# Feldweg - OD



## ErnstG (Apr 4, 2015)

Nr. 20
Ein schnelles Plein-air nach Feierabend. Fast täglich musste ich an 
dieser Stelle vorbeifahren. Irgendwann musste es passieren und ich 
hatte dafür schon die ganze Zeit meine Malutensilien an Bord. Das 
Wetter passte ebenfalls an diesem Tag.

A quick plein-air after office hours. Almost every day I had to drive 
past this point. Eventually, it had to happen and I had it the whole 
time my painting materials on board. The weather also fit on this day.

Format / Size: 35 x 50 cm
Papier / Paper: Canson fine face 250 gr
Farben / Colors: gemischte Marken/mixed brands
ID = Indoor / OD = Outdoor, plein air

Ernst


----------



## TerryCurley (Jan 4, 2015)

It is very pretty Ernst, as is all your work. 
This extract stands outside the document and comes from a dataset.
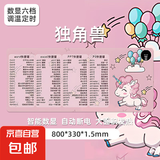 加热鼠标垫大号发热暖桌垫办公室电脑桌学生写字发热垫防水防滑垫 独角兽（数显六挡调温定时）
Es ist sehr Ernst, hübsch, wie alle Ihre Arbeit ist.


----------



## Susan Mulno (Apr 13, 2015)

Beautiful!


----------



## Bushcraftonfire (Apr 22, 2015)

Another great painting Bro

D


----------



## chanda95 (Apr 6, 2011)

Very very nice


----------



## Bobby Boy (Jul 11, 2015)

Really nice Ernst love the sky


----------